LRBA changes mostly affect Melbourne, Sydney retirees
IOOF senior technical services manager Julie Steed told SMSF Adviser that laws currently before parliament to add a member’s LRBA balance to their total super balance if the member had a related-party LRBA would have larger consequences than expected, due to the explosion in related-party LRBAs since the major lenders exited SMSF loans.
“I would say 90 per cent of the LRBAs I’ve helped advisers with in the last 12–18 months have been related-party loans,” Ms Steed said.
“If I’m an adviser, my dealer group will say an LRBA is a financial product, and as such, the LRBA has to be on my APL, but when you look at the current providers who will loan LRBA products, most of them are not major lenders or associated with AFSL holders.
“So, most people are getting a line of credit on their mortgage and there are plenty of online administration houses available to set up the LRBA relatively inexpensively, so advisers are able to get those documents within an hour’s appointment.”
Ms Steed said the new laws, expected to pass parliament in the coming weeks, would cause problems for trustees looking to pay off their LRBA in the years approaching retirement, particularly those in the major capital cities where property values were higher.
“If you’re in South Australia, it is feasible to buy a residential investment property within 10 kilometres of the CBD for under $500,000, but in Melbourne and Sydney, if you want a two-bedroom apartment in that distance of the city, you are well in excess,” she said.
“If I’m 50 and buying that type of property in Sydney, it’s likely I will get to 65 and have an outstanding loan amount that I would be looking to extinguish with NCCs. But adding back the unpaid amount of LRBA to my total super balance puts me over the $1.6 million, which means my eligibility to make NCCs is nil.”

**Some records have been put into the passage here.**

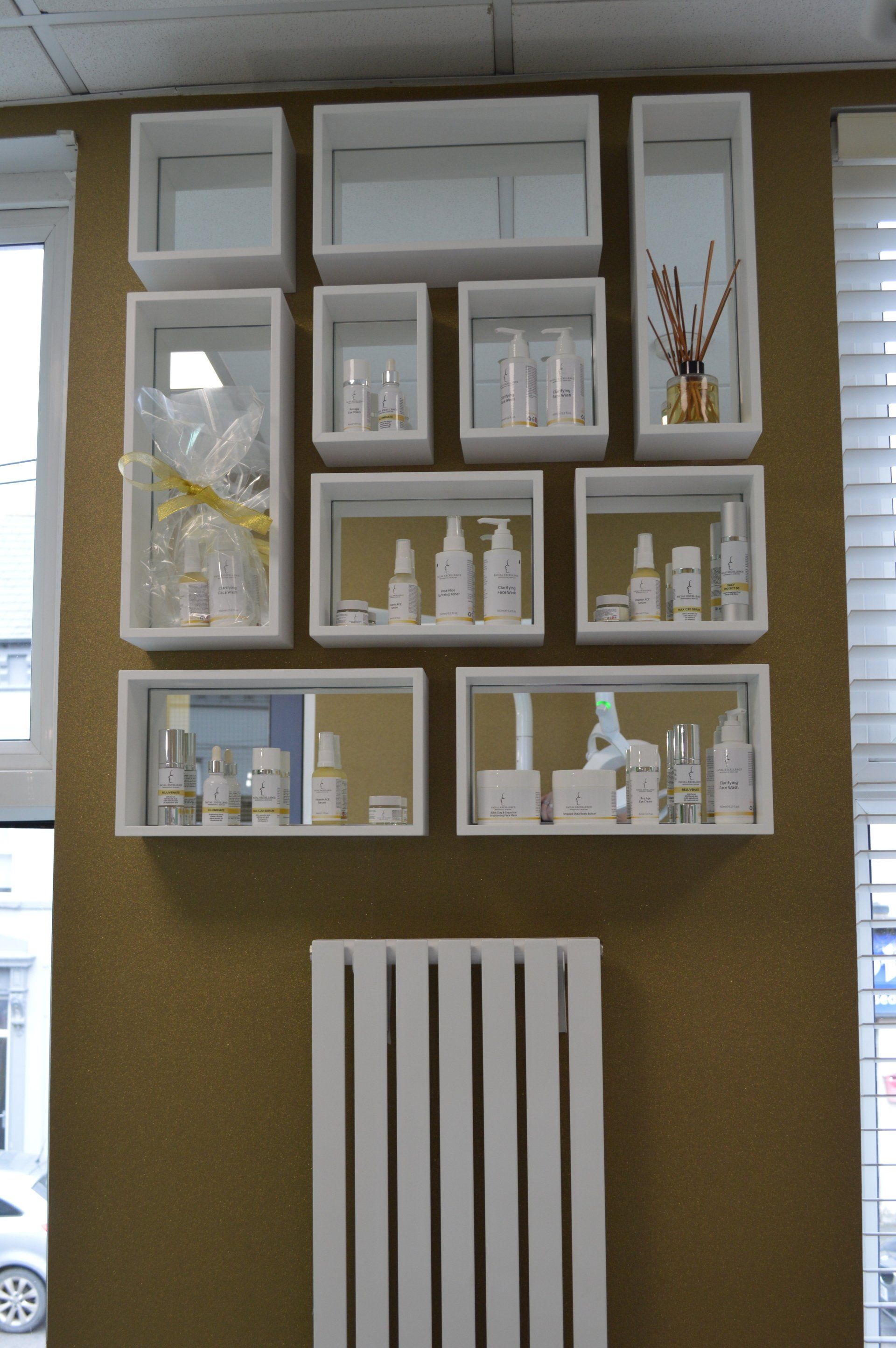 A wall with a lot of shelves filled with beauty products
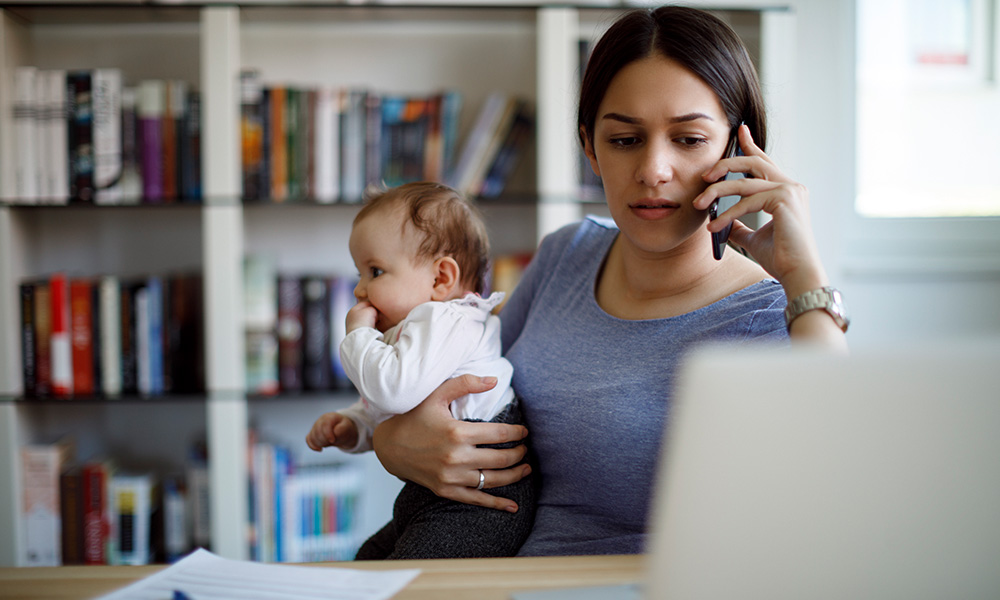 A woman looking stressed while trying to use the phone and carry a baby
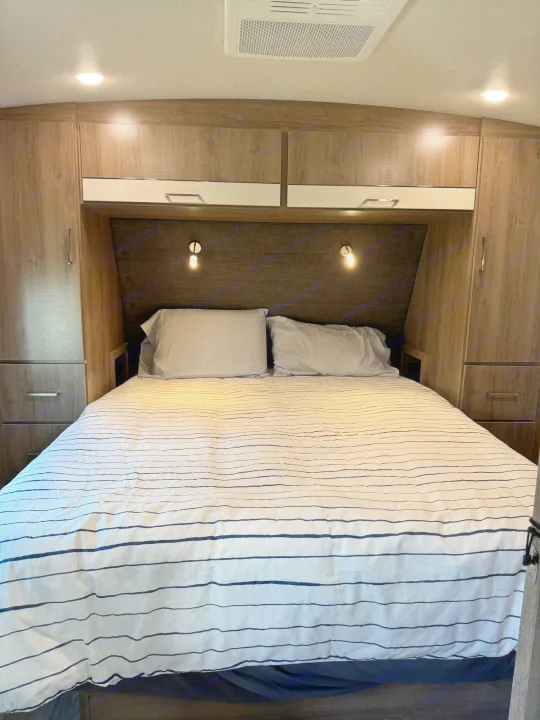 Cozy RV rental bedroom with striped bedding, two pillows, overhead cabinets, and wall-mounted lights.. Grand Design Imagine 2022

Ms Steed added that the only way to get around the new laws was for trustees to refinance their property with a non-related party lender, which presented its own problems.
“One of the things with going to second-tier lenders is that they might be good mortgage brokers but perhaps not know very much about super law, so their ability to advise clients as to the structure and the whole process possibly isn’t there,” she said.
“That is where they would advise the trustee to go and get professional advice, but if a lot of trustees who feel quite happy to not be advised use second-tier lenders, they are the exact type of people who wouldn’t bother to take that advice and would then fall foul of the laws.”